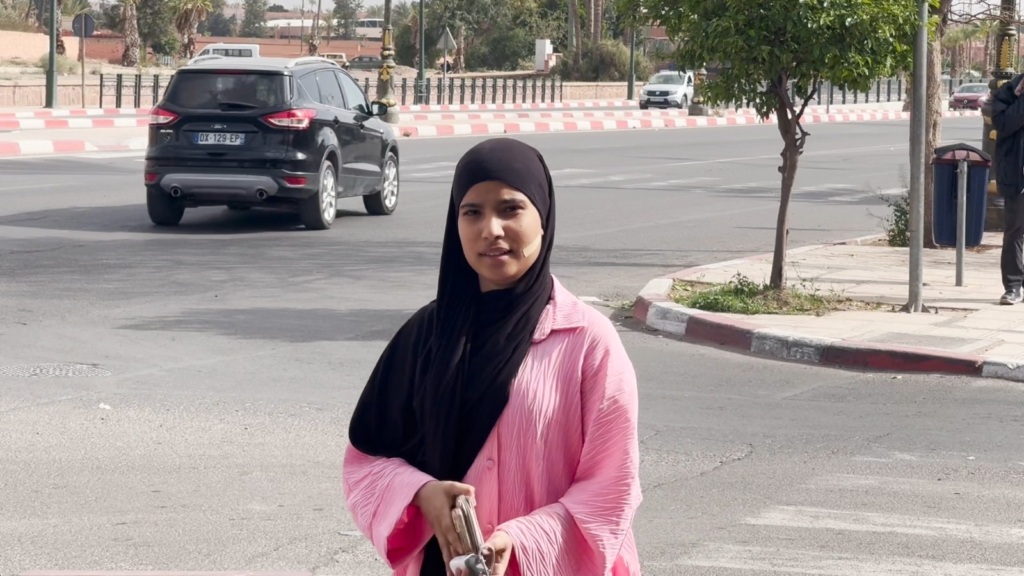 الحكم على المعتدية على سلمى بـ9 أشهر نافذة
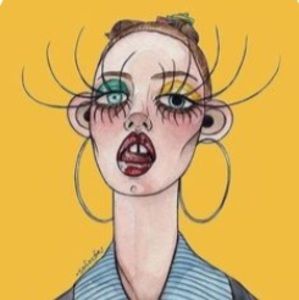 Meet your Posher, Manuela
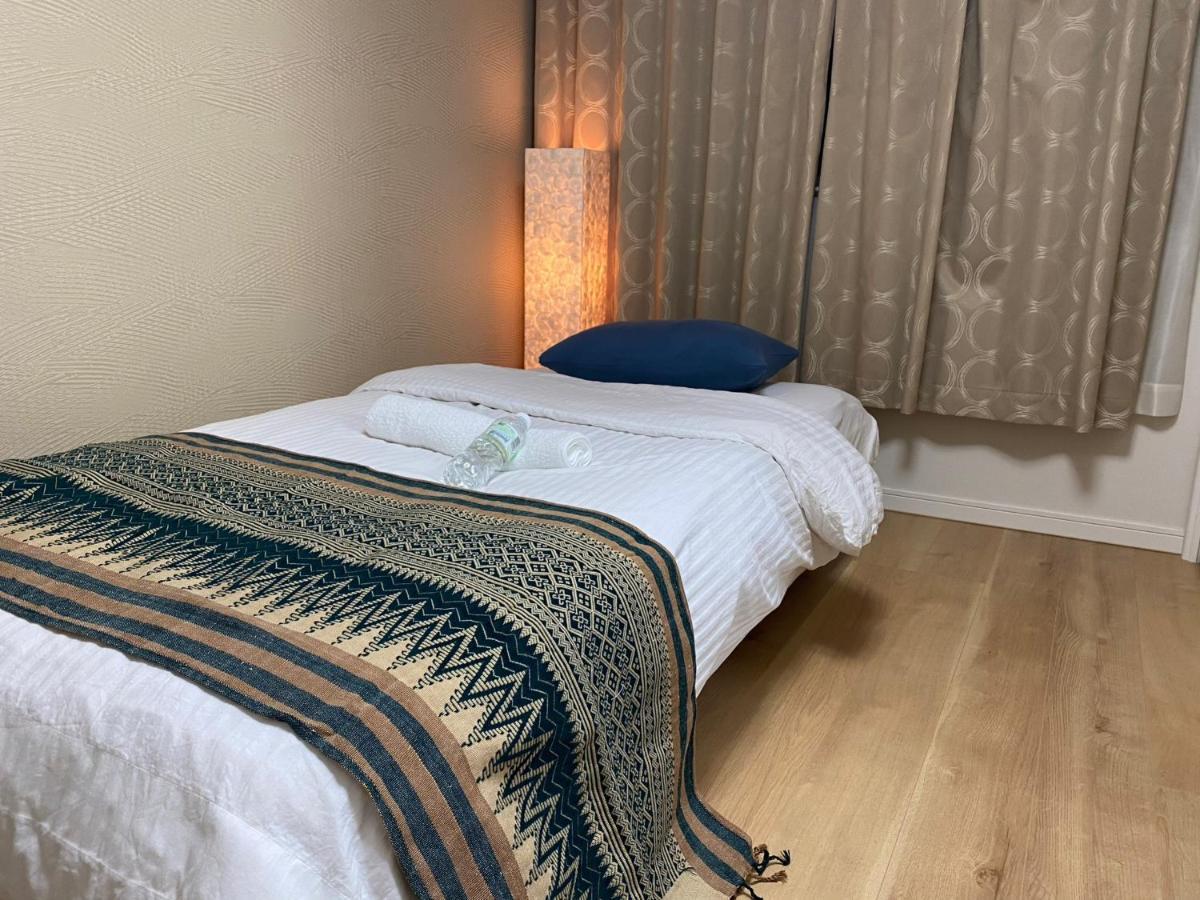 幸町 House Apartemen *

────────────────

> [ACTION ITEM]: Copy the whole of the material above exactly, but not its images.

> [ANSWER AREA]:
 الحكم على المعتدية على سلمى بـ9 أشهر نافذة
 Meet your Posher, Manuela
 幸町 House Apartemen *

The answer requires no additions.